→ Data records
Segment Open
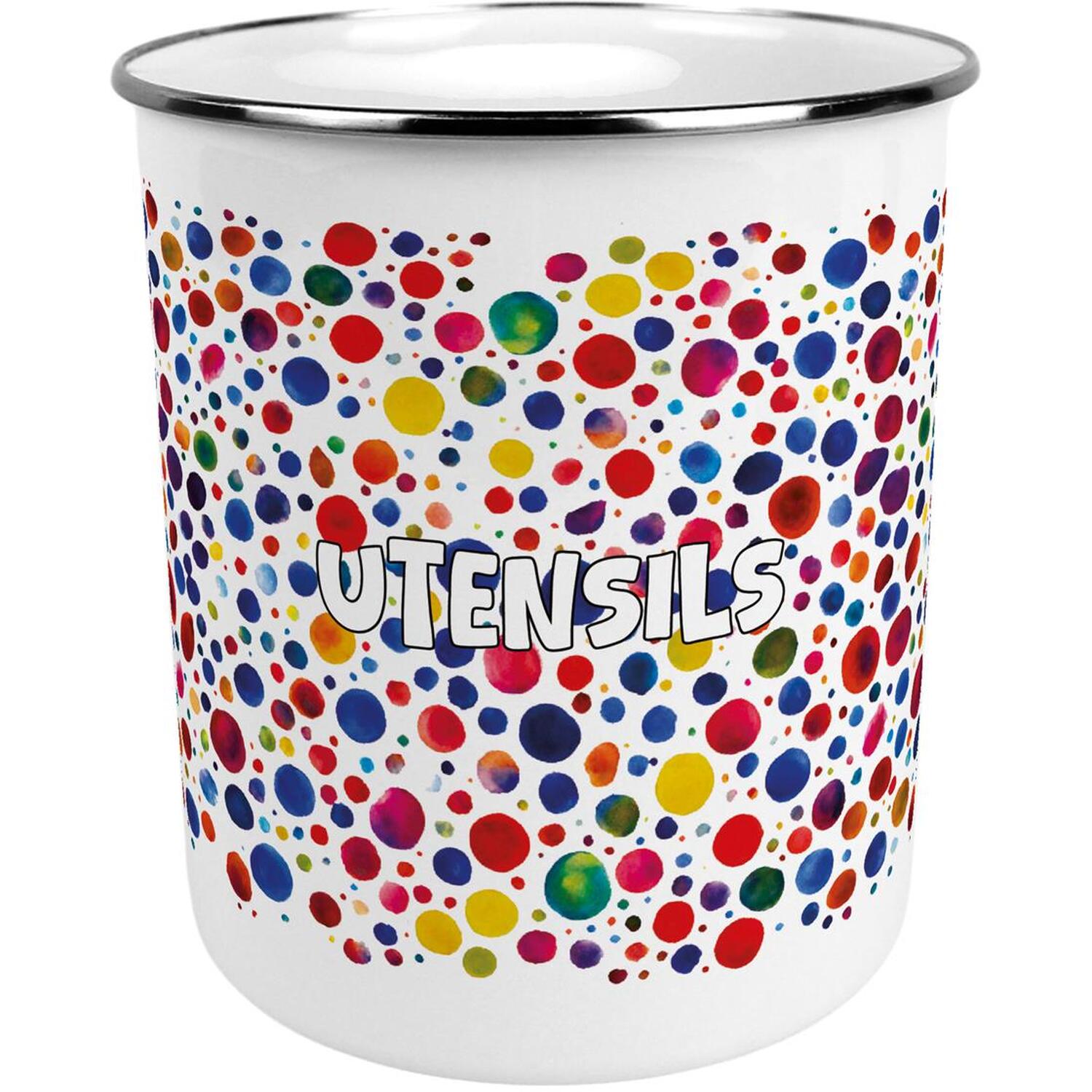 Paint Dots Kitchen Utensil Holder - Large Metal Utensil Storage Pot - Image 2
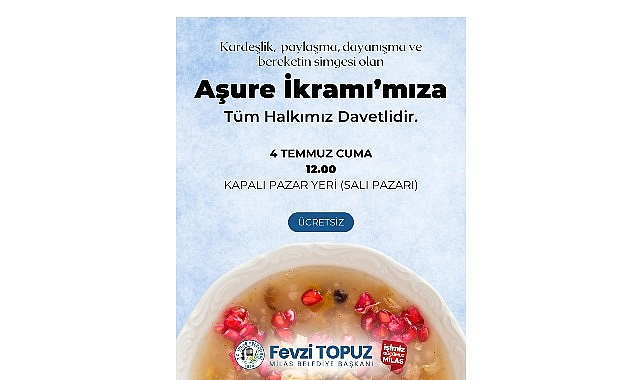 Milas Belediyesi Aşure İkramı Yapacak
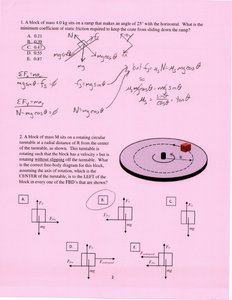 Inclined plane with forces diagram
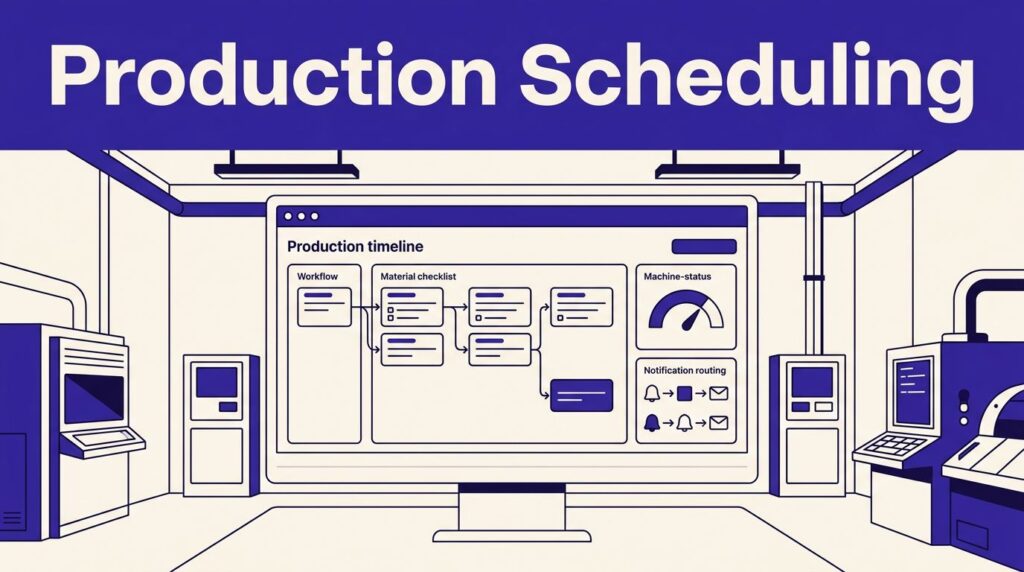 Factory control room dashboard showing a production timeline, workflow cards, and machine status indicators.
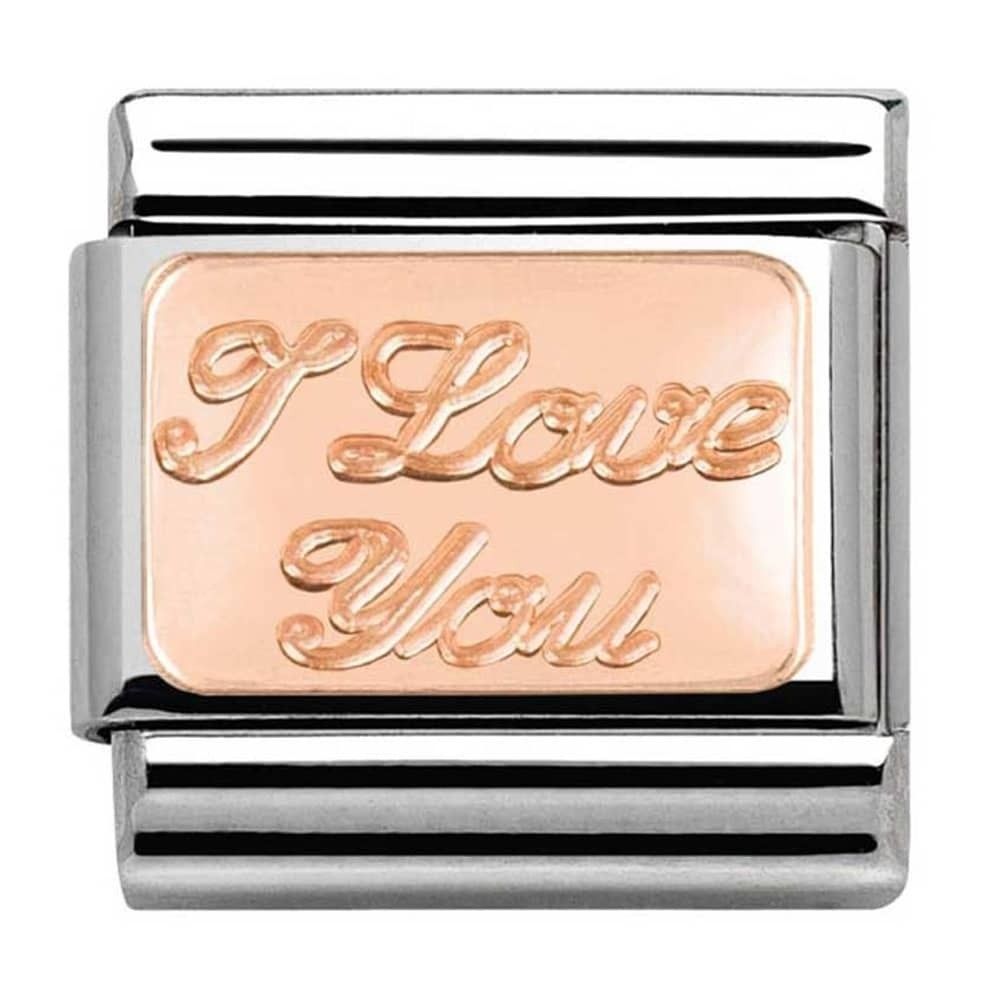 Nomination Classic Rose Gold I Love You Charm Link 430101130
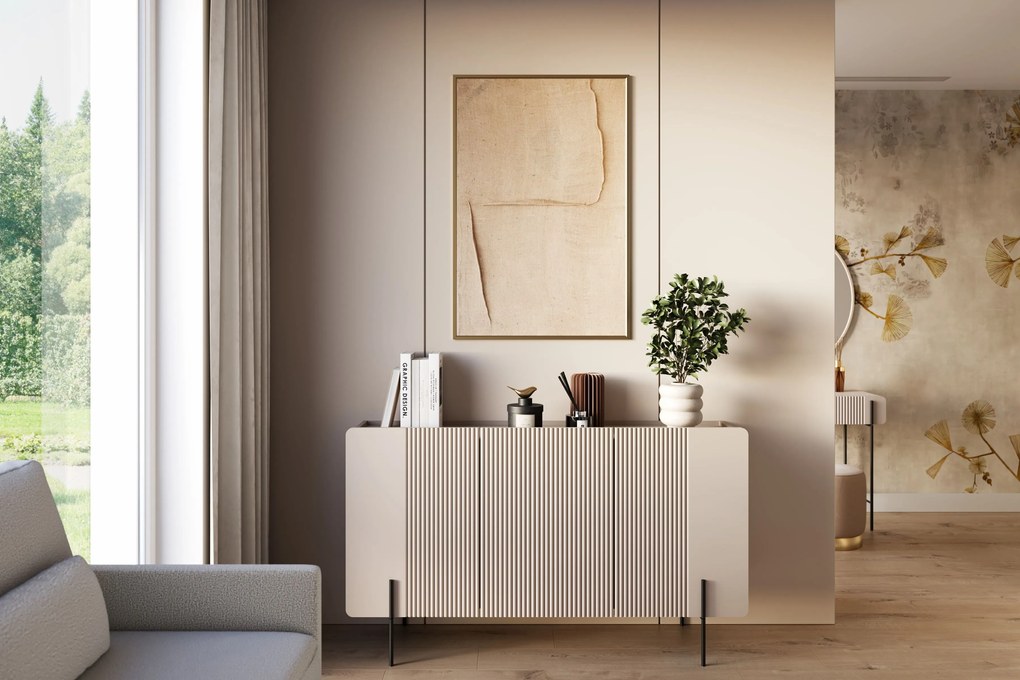 Comodă cu trei uși Malmi 150 cm - cașmir / picioare negre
Segment Closed
Without the pictures, give all of the entries above again exactly.

→ TASK RESULT
 Paint Dots Kitchen Utensil Holder - Large Metal Utensil Storage Pot - Image 2
 Milas Belediyesi Aşure İkramı Yapacak
 Inclined plane with forces diagram
 Factory control room dashboard showing a production timeline, workflow cards, and machine status indicators.
 Nomination Classic Rose Gold I Love You Charm Link 430101130
 Comodă cu trei uși Malmi 150 cm - cașmir / picioare negre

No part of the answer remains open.